Internacionales
A las puertas del infierno:El imperio del caos
Tom Engelhardt, TomDispatch, Rebelión, noviembre 19 de 2016
Con Trump de presidente, ¿se acaba el experimento estadounidense?
Lo único que se puede decir de los imperios es que, en su culminación –o en las cercanías de ella– siempre representaron tanto un principio de orden como de dominación. Por lo tanto, he aquí lo desconcertante de la versión estadounidense de un imperio en los tiempos en que se decía que este país era “la única superpotencia”, cuando estaba destinando más dinero a sus fuerzas armadas que el conjunto de las 10 naciones que le seguían en el mundo en relación con los gastos militares: ha sido un imperio del caos.
Tom Engelhardt, TomDispatch, Rebelión, noviembre 19 de 2016
Con Trump de presidente, ¿se acaba el experimento estadounidense?
Lo único que se puede decir de los imperios es que, en su culminación –o en las cercanías de ella– siempre representaron tanto un principio de orden como de dominación. Por lo tanto, he aquí lo desconcertante de la versión estadounidense de un imperio en los tiempos en que se decía que este país era “la única superpotencia”, cuando estaba destinando más dinero a sus fuerzas armadas que el conjunto de las 10 naciones que le seguían en el mundo en relación con los gastos militares: ha sido un imperio del caos.
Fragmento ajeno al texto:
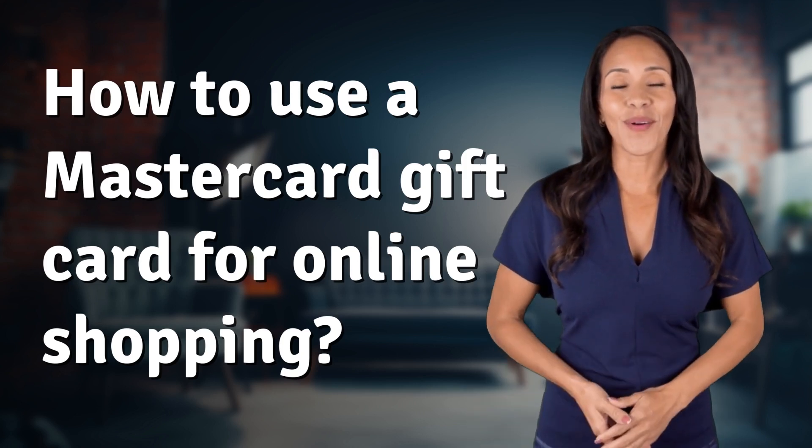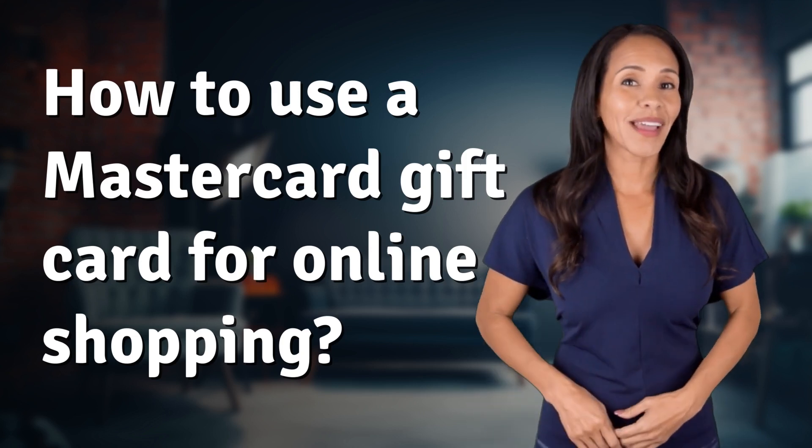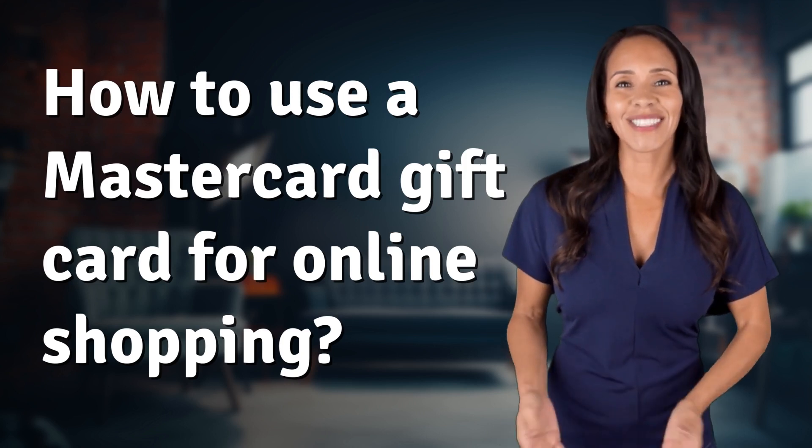Explorers of the Unknown, welcome back. Let's expand our horizons with today's question.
En septiembre de 2002, Amr Moussa, por entonces secretario general de la Liga Árabe, hizo una advertencia que nunca he olvidado. La intención de la administración Bush de invadir Irak y derrocar a su gobernante, Saddam Hussein, ya era del todo evidente. De dar ese paso, insistía Moussa, se “abrirán las puertas del infierno”. Su presagio pasó a ser cualquier cosa menos una hipérbole, y las puertas no volvieron a cerrarse nunca.
Las guerras en casa
De hecho, desde el comienzo de la invasión de Afganistán, en octubre de 2001, todo lo que tocaron las fuerzas armadas de Estados Unidos en estos años se ha convertido en polvo. Varios países del Gran Oriente Medio y África se han venido abajo agobiados por el peso de la intervención estadounidense o la de sus aliados, y los movimientos terroristas –unos más nefastos que otros– se diseminaron notable e incontroladamente. En estos momentos, Afganistán es una zona de desastre; un Yemen, atormentado por la guerra civil, una brutal campaña de bombardeo aéreo de la fuerza aérea Saudí –respaldada por Estados Unidos– y las acciones de grupos terroristas cada vez más activos, prácticamente ha dejado de existir; de Irak lo menos que se puede decir es que ahora es un país desgarrado por las luchas sectarias; Siria, casi no existe; en estos días, Libia ya no es una nación; y Somalia es un agrupamiento de feudos y movimientos terroristas. En conjunto, para la más poderosa potencia del planeta, que en una actuación muy poco imperial, haya sido incapaz de imponer su superioridad militar o algún tipo de orden a cualquier país o grupo –esté donde esté el sitio que haya elegido para actuar– en todo este tiempo, se trata de todo un récord. Resulta difícil recordar un antecedente histórico de esto.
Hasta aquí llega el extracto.